*** Block opens ***

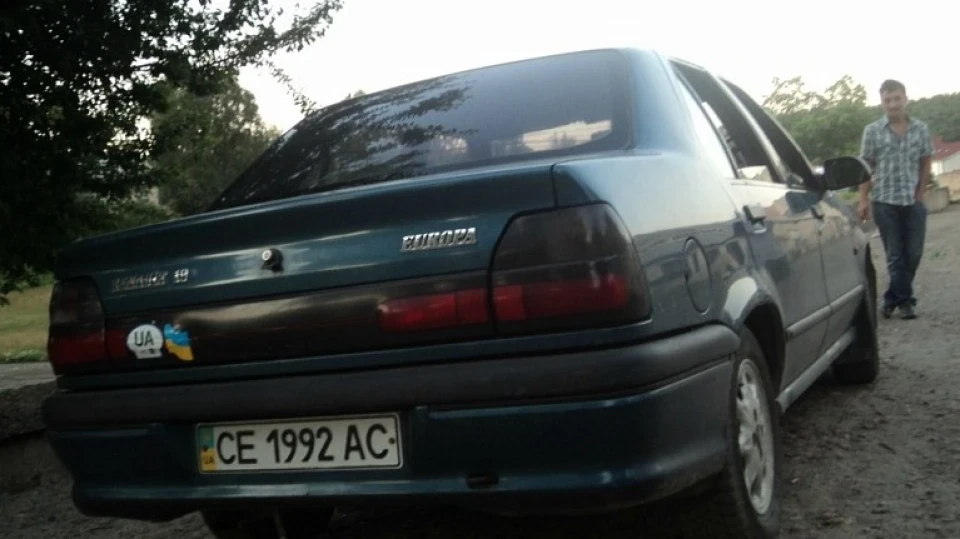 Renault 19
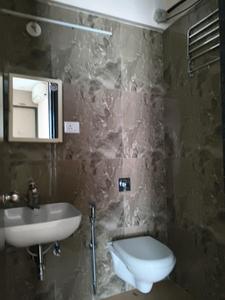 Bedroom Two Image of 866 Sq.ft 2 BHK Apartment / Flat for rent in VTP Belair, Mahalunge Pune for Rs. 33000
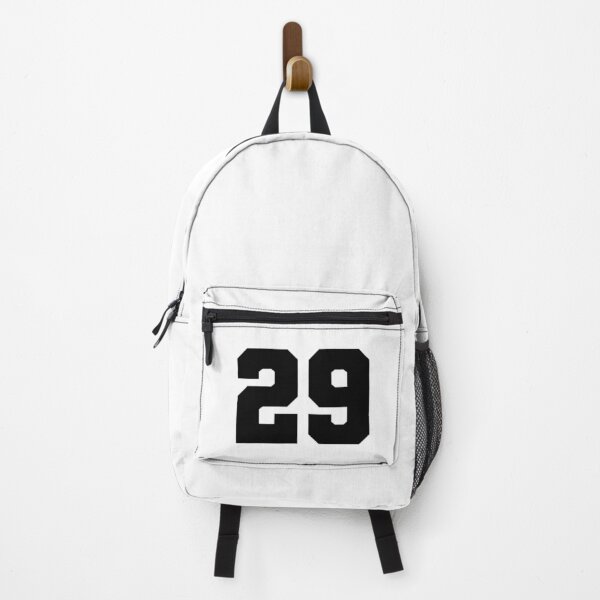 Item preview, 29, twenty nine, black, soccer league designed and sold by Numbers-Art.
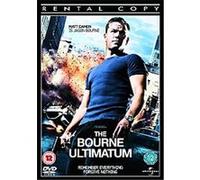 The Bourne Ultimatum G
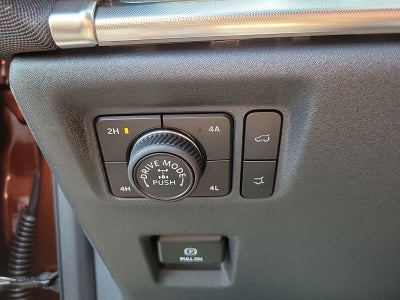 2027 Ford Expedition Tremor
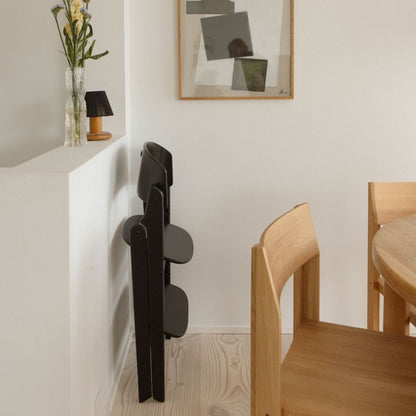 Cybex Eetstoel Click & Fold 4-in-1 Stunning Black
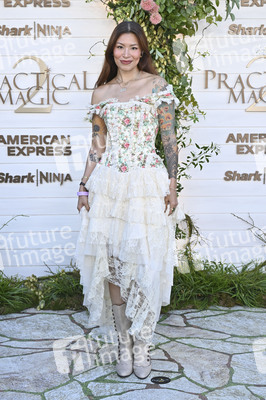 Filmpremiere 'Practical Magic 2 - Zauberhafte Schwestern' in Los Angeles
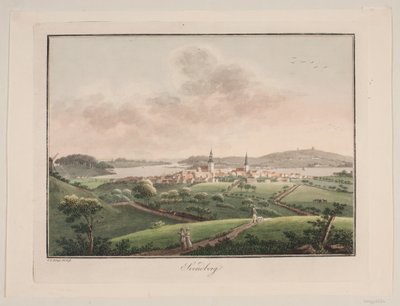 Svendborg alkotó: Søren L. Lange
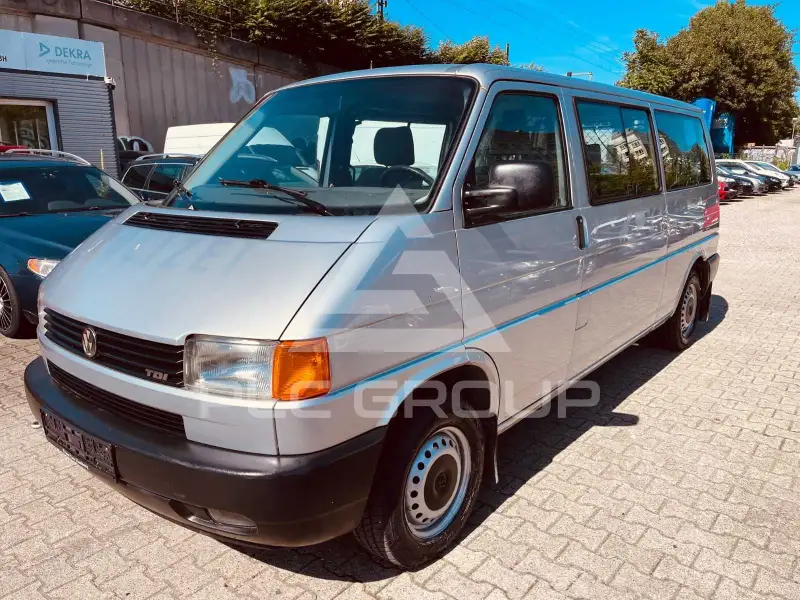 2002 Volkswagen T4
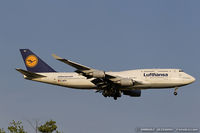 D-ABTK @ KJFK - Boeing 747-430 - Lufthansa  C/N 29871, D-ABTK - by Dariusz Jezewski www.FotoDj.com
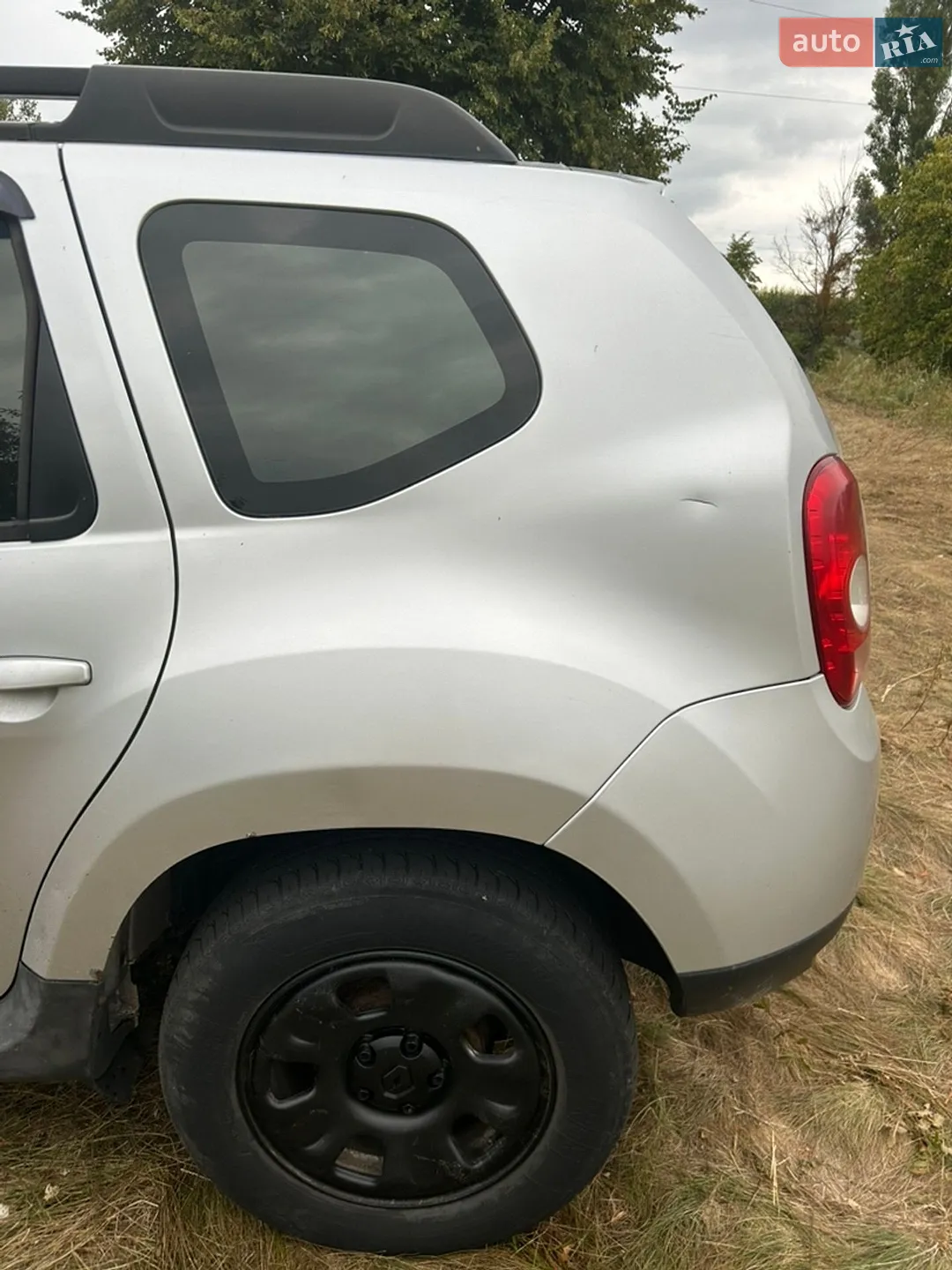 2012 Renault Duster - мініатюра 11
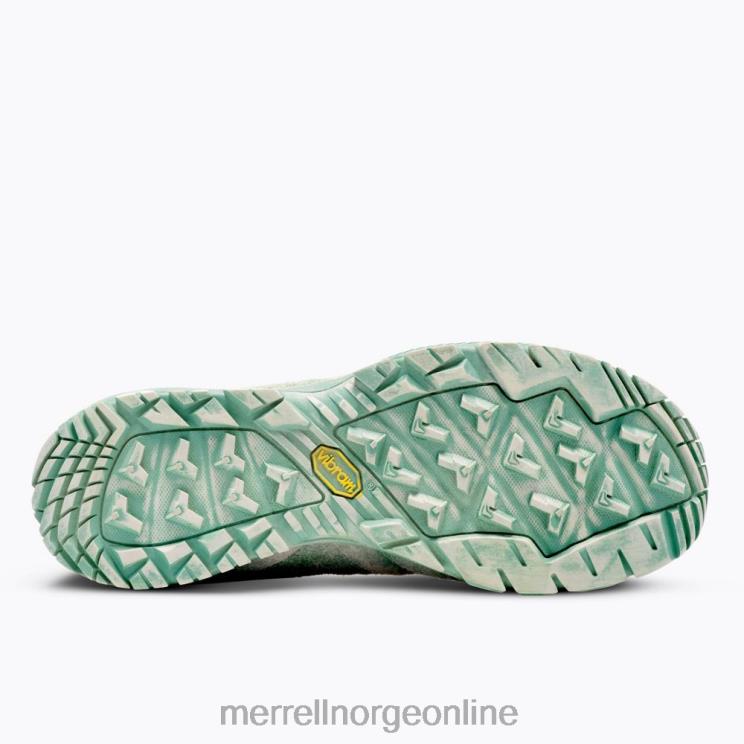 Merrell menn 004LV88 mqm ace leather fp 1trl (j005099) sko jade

*** Block closes ***

## What needs to be done:
Print the data above exactly, from its first line to the line bearing "2002 Volkswagen T4" inclusive, and keep pictures out of the result.

## Output below:
 Renault 19
 Bedroom Two Image of 866 Sq.ft 2 BHK Apartment / Flat for rent in VTP Belair, Mahalunge Pune for Rs. 33000
 Item preview, 29, twenty nine, black, soccer league designed and sold by Numbers-Art.
 The Bourne Ultimatum G
 2027 Ford Expedition Tremor
 Cybex Eetstoel Click & Fold 4-in-1 Stunning Black
 Filmpremiere 'Practical Magic 2 - Zauberhafte Schwestern' in Los Angeles
 Svendborg alkotó: Søren L. Lange
 2002 Volkswagen T4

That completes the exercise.